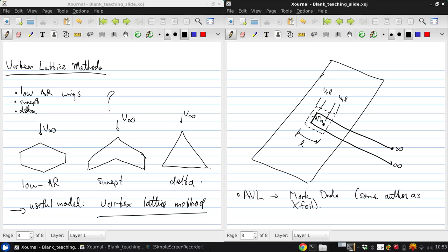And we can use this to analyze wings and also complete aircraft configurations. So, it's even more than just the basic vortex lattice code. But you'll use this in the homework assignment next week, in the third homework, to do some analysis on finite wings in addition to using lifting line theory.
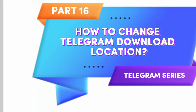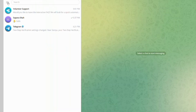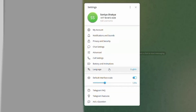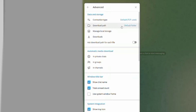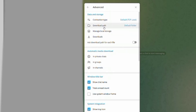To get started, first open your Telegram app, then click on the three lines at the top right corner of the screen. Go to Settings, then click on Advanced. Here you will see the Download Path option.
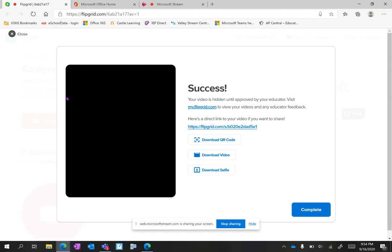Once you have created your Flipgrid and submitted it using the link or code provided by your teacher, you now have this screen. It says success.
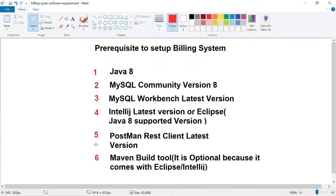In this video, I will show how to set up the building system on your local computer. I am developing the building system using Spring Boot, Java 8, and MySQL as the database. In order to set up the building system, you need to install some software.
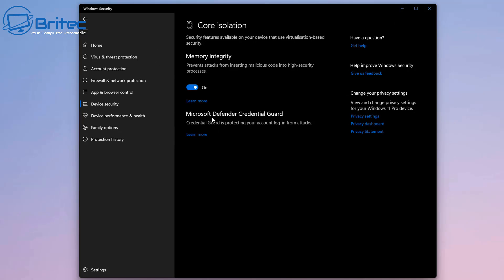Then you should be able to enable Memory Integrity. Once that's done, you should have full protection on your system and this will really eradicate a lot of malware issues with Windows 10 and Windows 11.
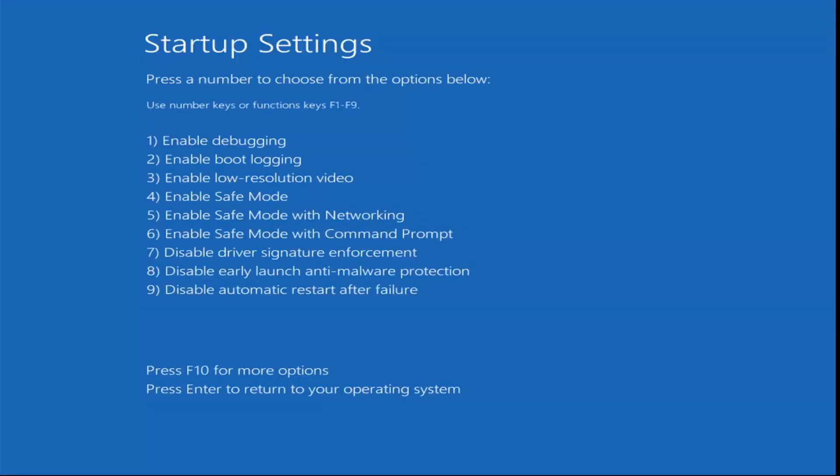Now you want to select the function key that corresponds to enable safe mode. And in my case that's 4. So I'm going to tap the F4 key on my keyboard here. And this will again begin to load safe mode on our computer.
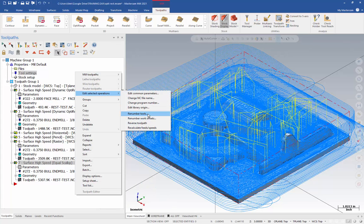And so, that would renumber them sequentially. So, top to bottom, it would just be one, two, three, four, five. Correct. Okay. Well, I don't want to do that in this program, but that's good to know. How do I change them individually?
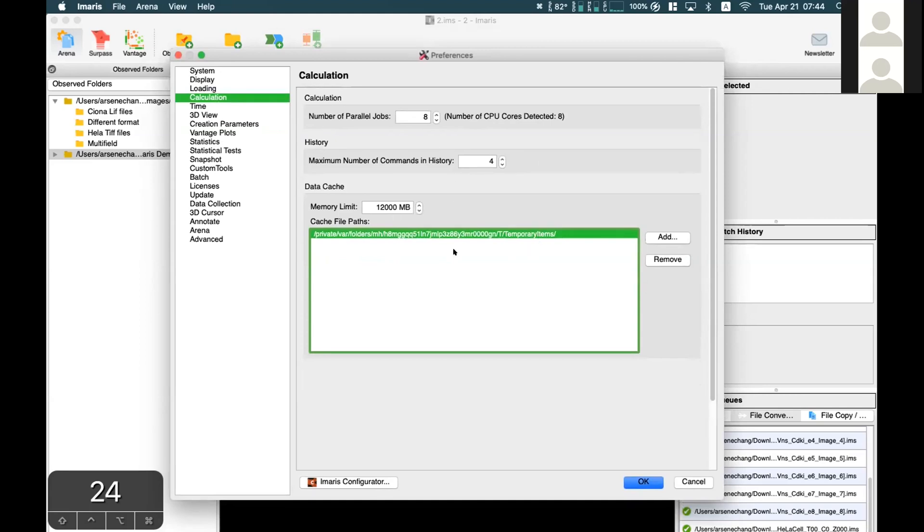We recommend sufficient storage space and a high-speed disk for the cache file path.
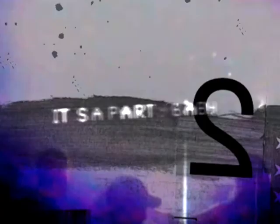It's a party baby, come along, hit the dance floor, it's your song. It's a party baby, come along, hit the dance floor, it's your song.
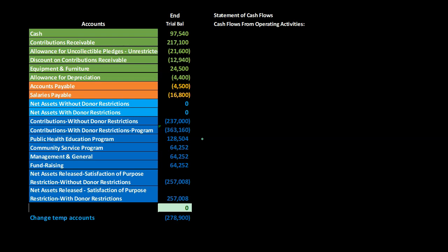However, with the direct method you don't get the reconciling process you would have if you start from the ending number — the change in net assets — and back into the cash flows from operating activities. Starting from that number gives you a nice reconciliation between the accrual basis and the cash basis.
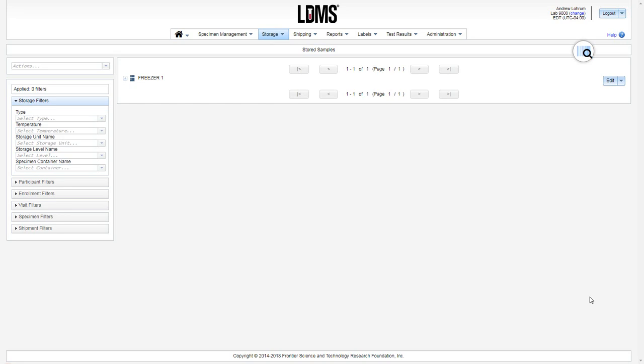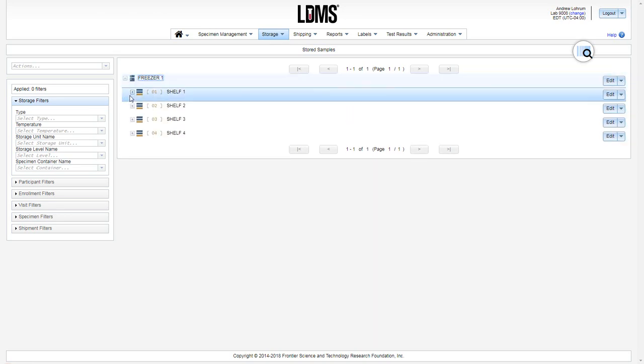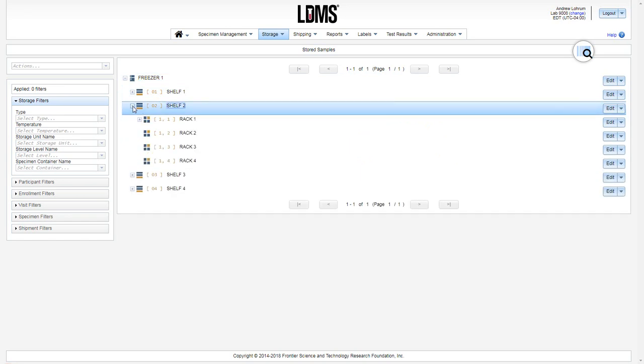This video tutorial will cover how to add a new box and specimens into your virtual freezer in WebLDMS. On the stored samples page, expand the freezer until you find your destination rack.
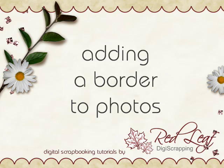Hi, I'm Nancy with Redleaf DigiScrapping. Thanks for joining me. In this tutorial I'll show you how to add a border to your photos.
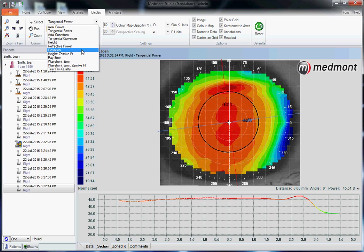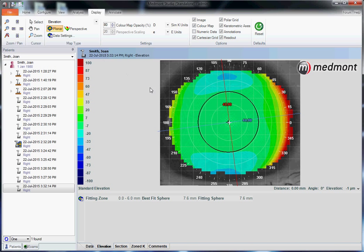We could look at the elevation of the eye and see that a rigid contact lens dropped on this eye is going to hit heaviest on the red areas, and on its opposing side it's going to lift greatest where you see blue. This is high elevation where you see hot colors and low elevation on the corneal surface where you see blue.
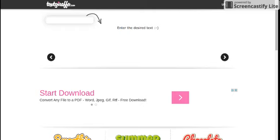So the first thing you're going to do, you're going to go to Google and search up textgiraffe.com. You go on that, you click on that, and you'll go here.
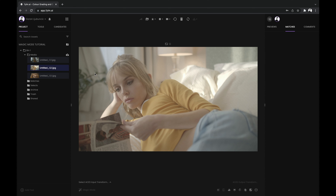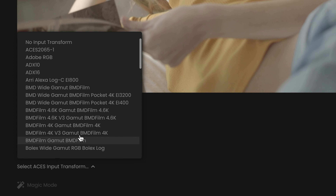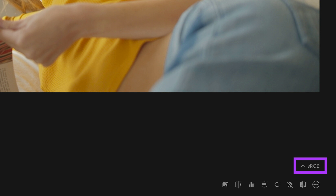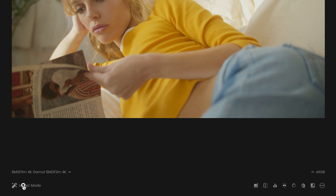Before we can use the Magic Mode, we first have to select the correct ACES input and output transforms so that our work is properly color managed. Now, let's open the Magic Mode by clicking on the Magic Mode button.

++++

WHAT THE TASK ASKS
A verbatim copy of every record is required, with all pictures excluded.

EXERCISE RESULT
And we can use this to analyze wings and also complete aircraft configurations. So, it's even more than just the basic vortex lattice code. But you'll use this in the homework assignment next week, in the third homework, to do some analysis on finite wings in addition to using lifting line theory.
To get started, first open your Telegram app, then click on the three lines at the top right corner of the screen. Go to Settings, then click on Advanced. Here you will see the Download Path option.
Once you have created your Flipgrid and submitted it using the link or code provided by your teacher, you now have this screen. It says success.
In this video, I will show how to set up the building system on your local computer. I am developing the building system using Spring Boot, Java 8, and MySQL as the database. In order to set up the building system, you need to install some software.
Then you should be able to enable Memory Integrity. Once that's done, you should have full protection on your system and this will really eradicate a lot of malware issues with Windows 10 and Windows 11.
Now you want to select the function key that corresponds to enable safe mode. And in my case that's 4. So I'm going to tap the F4 key on my keyboard here. And this will again begin to load safe mode on our computer.
And so, that would renumber them sequentially. So, top to bottom, it would just be one, two, three, four, five. Correct. Okay. Well, I don't want to do that in this program, but that's good to know. How do I change them individually?
We recommend sufficient storage space and a high-speed disk for the cache file path.
It's a party baby, come along, hit the dance floor, it's your song. It's a party baby, come along, hit the dance floor, it's your song.
However, with the direct method you don't get the reconciling process you would have if you start from the ending number — the change in net assets — and back into the cash flows from operating activities. Starting from that number gives you a nice reconciliation between the accrual basis and the cash basis.
This video tutorial will cover how to add a new box and specimens into your virtual freezer in WebLDMS. On the stored samples page, expand the freezer until you find your destination rack.
Hi, I'm Nancy with Redleaf DigiScrapping. Thanks for joining me. In this tutorial I'll show you how to add a border to your photos.
We could look at the elevation of the eye and see that a rigid contact lens dropped on this eye is going to hit heaviest on the red areas, and on its opposing side it's going to lift greatest where you see blue. This is high elevation where you see hot colors and low elevation on the corneal surface where you see blue.
So the first thing you're going to do, you're going to go to Google and search up textgiraffe.com. You go on that, you click on that, and you'll go here.
Before we can use the Magic Mode, we first have to select the correct ACES input and output transforms so that our work is properly color managed. Now, let's open the Magic Mode by clicking on the Magic Mode button.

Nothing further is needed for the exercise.